MassiveFold is a tool that allows to massively expand the sampling of structure predictions by improving the computation of AlphaFold based predictions.
It optimizes the parallelization of the structure inference by splitting the computation on CPU for alignments, running automatically batches of structure predictions on GPU, and gathering the results in one global output directory, with a global ranking and a variety of plots.
MassiveFold uses AFmassive, ColabFold or AlphaFold3 as inference engine; AFmassive is an updated version of Björn Wallner's AFsample that offers additional diversity parameters for massive sampling.
MassiveFold's design (see schematic below) is optimized for GPU cluster usage.

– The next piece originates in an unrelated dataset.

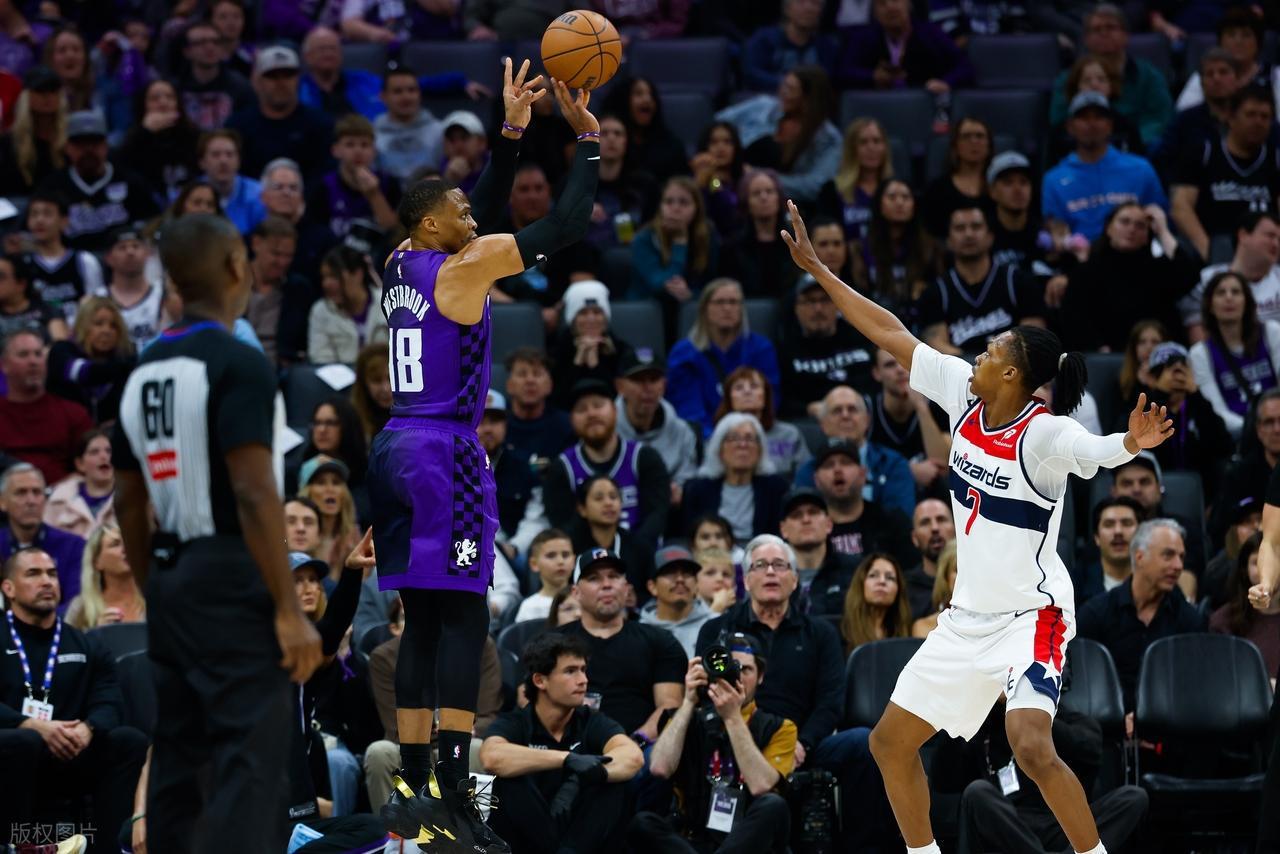 LOL竞猜-杜兰特39+4+7无缘今日最佳球员！因为哈登31+2+10超神主导大逆转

It allows fast computation for massive sampling by automatically splitting a large run of numerous predictions into several jobs. Each of these individual jobs are computed on a single GPU node and their results are then gathered as a single output with each prediction ranked on a global level instead of the level of each individual job.

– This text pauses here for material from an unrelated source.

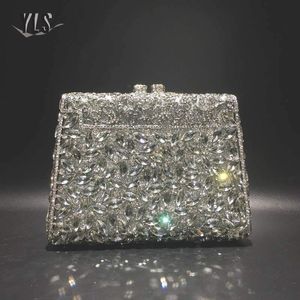 Sacs de soirée célèbres Designer Luxury Silver Diamond Minaudere Clutch Femme Femme de mariage Cocktail Handbag Bridal Crystal Purse 230817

This automatic splitting is also convenient for massive sampling on a single GPU server to manage jobs priorities.
MassiveFold is optimized for SLURM workload manager (Simple Linux Utility for Resource Management) as it relies heavily on its features (job array, job dependency, etc...). But it can still be used sequentially (no batches running in parallel)(see documentation).
A run is composed of three steps:
-
alignment: on CPU, sequence alignments is the first step (can be skipped if alignments are already computed)
-
structure prediction: on GPU, structure predictions follow the massive sampling principle. The total number of predictions is divided into smaller batches and each of them is distributed on a single GPU. These jobs wait for the alignment job to be over, if the alignments are not provided by the user.
-
post_treatment: on CPU, it finishes the job by gathering all batches outputs and produces plots with the plots module to visualize the run's performances. This job is executed only once all the structure predictions are over.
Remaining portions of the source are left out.